(From an apprentice's analysis).
Today we are going to talk about the most popular topic (as far as in my opinion) in the economic field is concerned, yes, inflation.
Whether you know it or not, I must tell you, you have always lived linked to it since its variation affects or against our life. Today we are going to see what it is and explain it simply. Well, let's get to the topic.
🔸What is inflation?
If we go to the meaning of a dictionary, it will tell us that it is the excessive increase of something, and yes, it is so but this is a concept that encompasses much and at the same time little.
While it is true, that inflation (in economics) is related to money, it is not only reflected in the excessive increase in physical quantities but also in the decrease in productive backing.
I spoke to you in another language, didn't I?
Let's go with the practical examples. Many may have been taught the theory of inflation with the example of having 1 coconut and 1 $1 bill, while such an explanation is related, it is not a necessary one for someone who needs to learn.
So, let's look at it this way:
We are in a country where with 1 dollar I can buy 5 pounds of beans, this is called purchasing power, the ability to buy with 1 dollar, "x" amount of a product.
➡️ If the production of beans falls, it causes a shortage in the market for beans, which leads to the need to pay more to get the same amount of beans.
Now, another example, keeping bean production the same, with a starting ratio as in the beginning (1 USD = 5 Lb Beans).
The Central Bank of that country decides to increase wages. This disrupts the market. By having more money, people will be able to buy not only 5 pounds but up to 7 pounds because they have more capital to spend.
So far so good.
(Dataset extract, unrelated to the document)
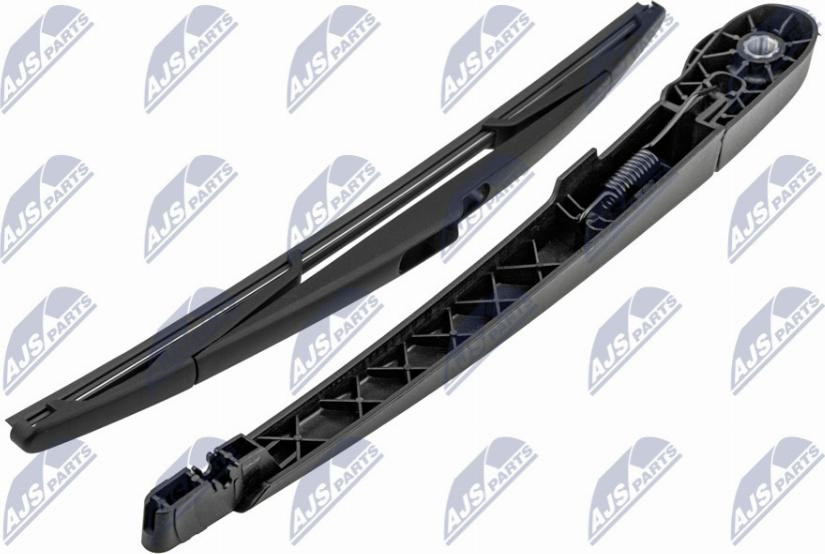 NTY EWB-RE-002 - Wiper Arm, window cleaning autospares.lv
The problem is that since there is no increase in the production of beans, they are going to run out faster than before because consumption has increased, therefore, the price of a pound of beans has risen.
And here, ladies and gentlemen, I present to you, the inflation.
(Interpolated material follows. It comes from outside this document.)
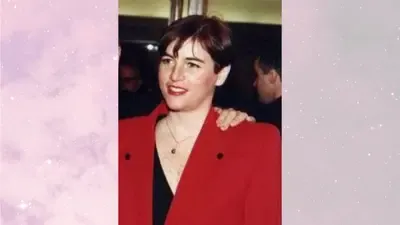 Thème Astral Véronique Mourousi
While it is not a difficult concept to interpret, it is very difficult to beat in practical life, but well, let's keep talking.
Why do Central Banks and the Federal Reserve print more and more money if it affects the economy?
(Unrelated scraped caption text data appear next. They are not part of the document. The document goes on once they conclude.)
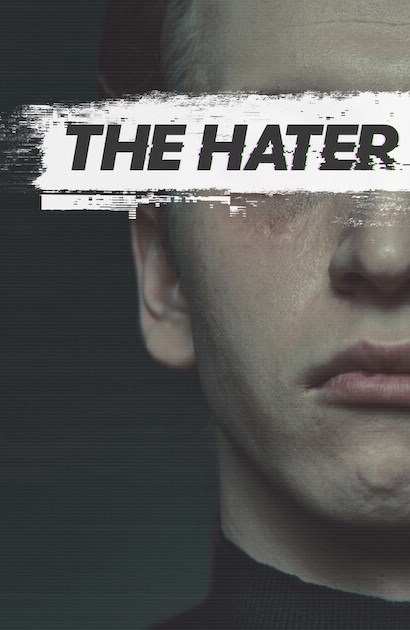 The Hater [HD] (2020)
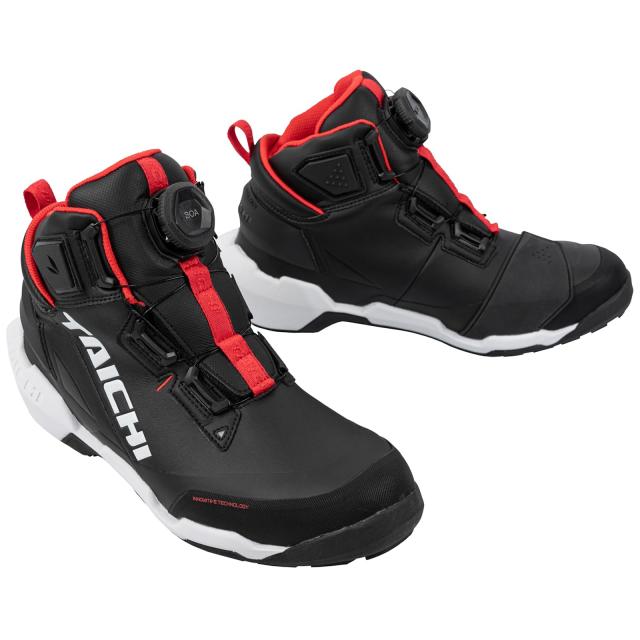 検索用 RSタイチ(RS TAICHI) バイク ライディングシューズ 靴 防水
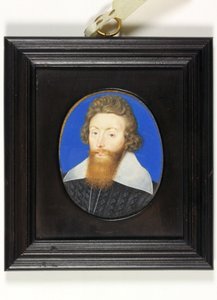 Sir Richard Liveson (Leveson), Vice Ammiraglio d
Imagine you have a capital of 300 Million Dollars, and suddenly a war conflict happens in your country. Hundreds of agricultural fields, stores, and other productive means have been damaged.
As a result, business owners are going bankrupt because their production has dropped to a minimum and they have spent their capital to rebuild their entire business. This affects the people, because as I explained above if production goes down, the price goes up, therefore, the consumer price index has skyrocketed.
What to do?
Let's suppose that in total, the Enterprises need 500 Million Dollars to rebuild themselves, and you as the manager and central controller of the country's finances only have 300 Million, then, you have to print more currency.
I want to clarify one thing:
Printing currency does not affect inflation until that currency enters circulation in the financial system, I can print 100 Million and never take it out, therefore, it does not affect the Economy.
In addition, once these currencies enter into circulation, it takes some time for the change to settle and produce the effects. We continue.
Once you print the extra 200 Million, you will be able to give an injection of capital to the companies and they will be able to start rebuilding.
This is the "good" part, as far as it goes, of inflation, the ability to expand to increase production.
In the short term, the 200 million we have injected will only be reflected in the companies. In the medium and long term, other changes will be seen, but, as we are coming out of an economy in destruction, this will make up for it.
Now, the worst part is when a government decides to print more currency to settle its debts with an entity or another state.
Here you are printing currency not for injection but for liquidation. This affects inflation in the same negative way. For this example, you have to visualize it with a currency with global usability like the dollar, in which inflation is not only seen in the US consumer price index (CPI) but in the overall value of its currency.
🔸But what can be done to curb inflation?
➡️ Rising interest rates. The interest rate is the percentage to be paid back for requesting a loan from a bank, as these increase, the higher the money to be paid back and the lower the amount in circulation.
It also has its negative effect, since the person who has contracted the loan, has to pay more, therefore, in a short term he would have to generate more money, either by increasing the prices of his business or by working more (in case he does not have any business).
This is a rather drastic measure in the short and medium term, but in the long term, it will raise inflation.
➡️ Cutting the amount of currency in circulation. As I said, no matter how much money has been printed, the total amount in circulation is what influences inflation. Measures such as increasing the cost of transactions, burning coins, and raising taxes, among others, are a bit more light-handed actions to deal with the inflationary phenomenon.
I have talked about cases with a neutral environment so that you have been able to understand what inflation and all that surrounds it are about. I have also dealt with the issue in a general way, as all measures can be combined and even taken out of the book. I have also limited myself to explaining other interactions that affect the logistics and distribution of products, but that will be for another time.
It all depends on the governmental decision and the type of economy present. I hope you have understood, see you next Sunday 🤜🏻🤛🏻.